Exercise objective: The lines to return run from the start of the material below through the line holding "Sitzendes Mädchen IX, Bronze, 13", both included; please give them back exactly, minus the pictures.

Given entries:
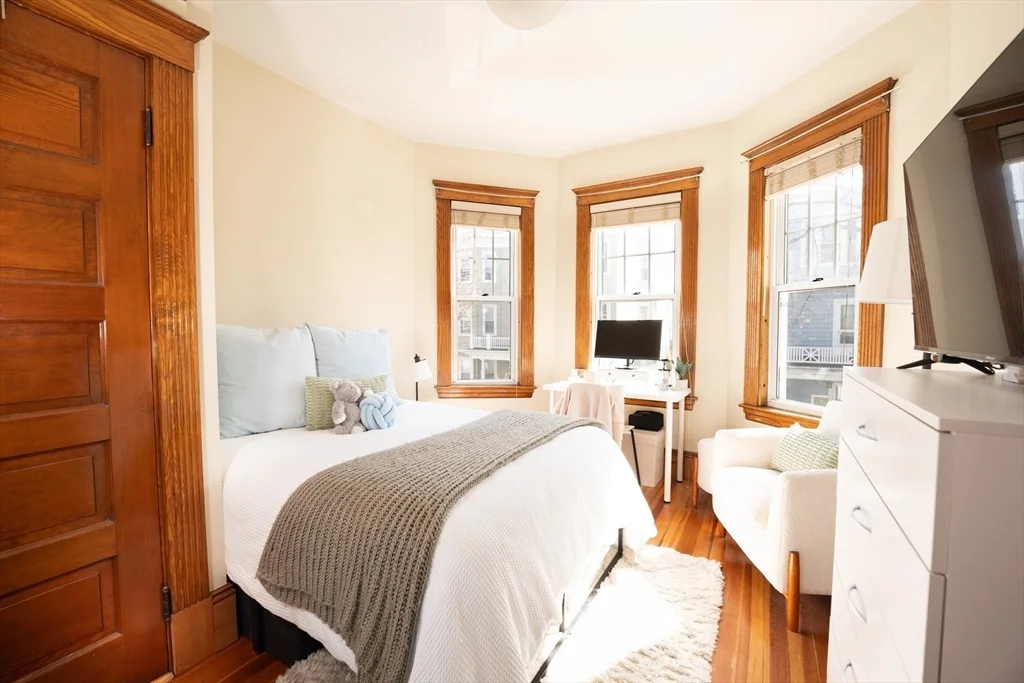 4 bed, 1 bath apartment for rent at 10 Ticknor St Unit 2, South Boston — photo 10 of 15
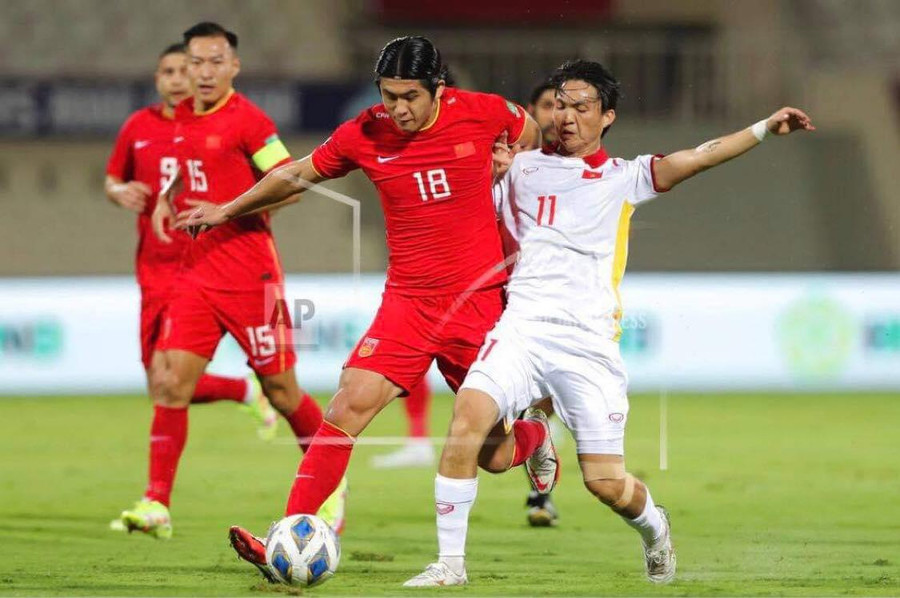 Tuấn Anh rất nỗ lực. Ảnh: AFC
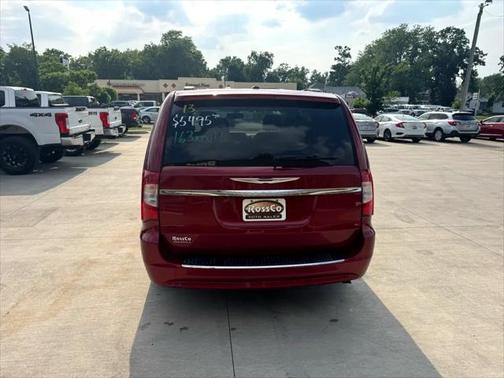 2013 Chrysler Town & Country Touring-L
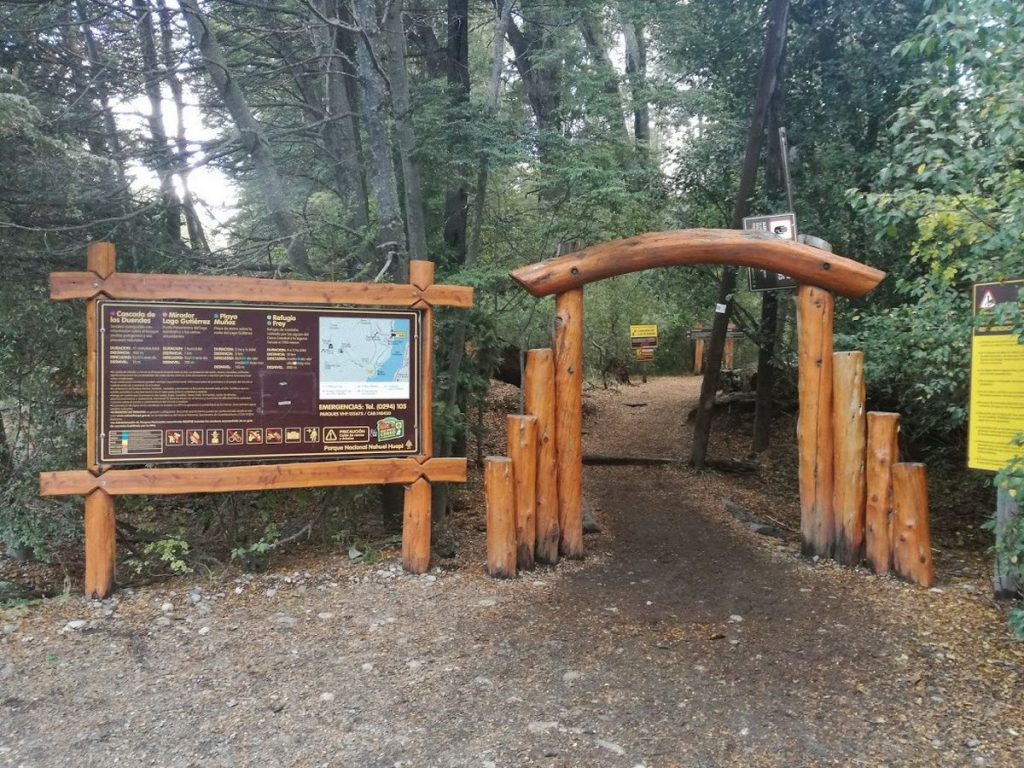 Acceso a la Cascada de los Duendes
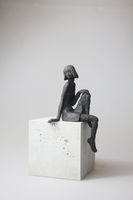 Sitzendes Mädchen IX, Bronze, 13 x 11 x 20 cm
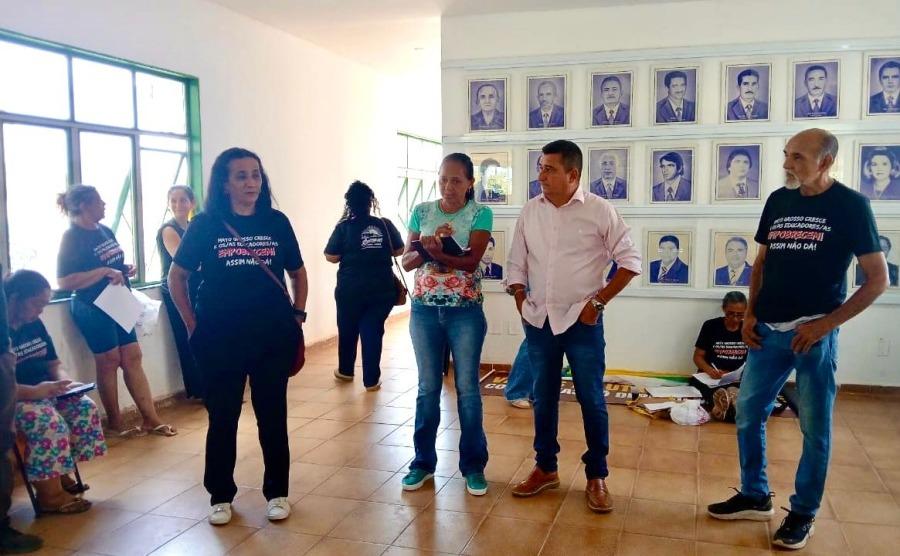 Rosário Oeste: Secretário Alexandre do Bauxi escuta as principais reivindicações dos profissionais da Educação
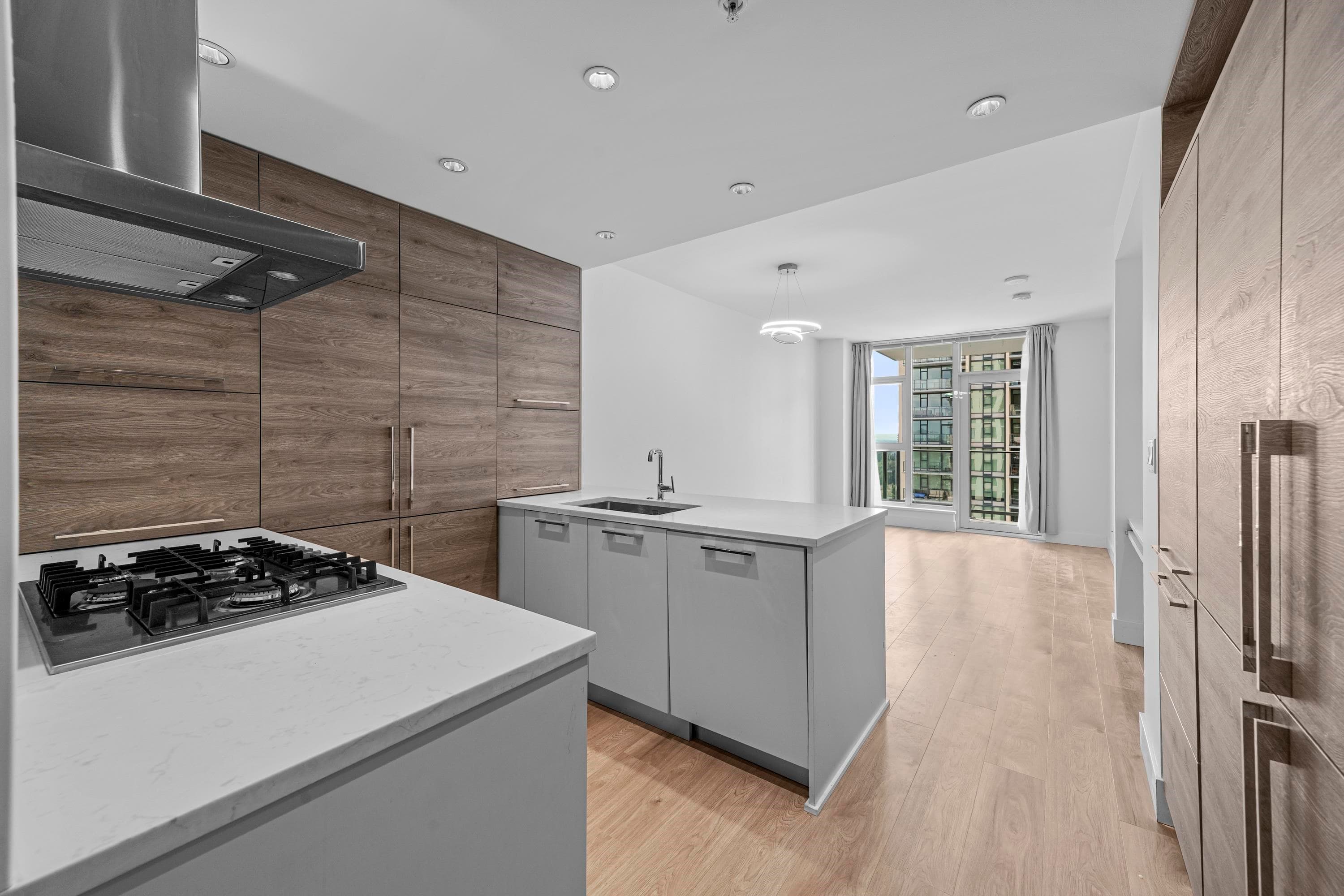 1801 - 7303 Noble Lane, Burnaby, V3N 0H2 — photo 2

Answer area:
 4 bed, 1 bath apartment for rent at 10 Ticknor St Unit 2, South Boston — photo 10 of 15
 Tuấn Anh rất nỗ lực. Ảnh: AFC
 2013 Chrysler Town & Country Touring-L
 Acceso a la Cascada de los Duendes
 Sitzendes Mädchen IX, Bronze, 13 x 11 x 20 cm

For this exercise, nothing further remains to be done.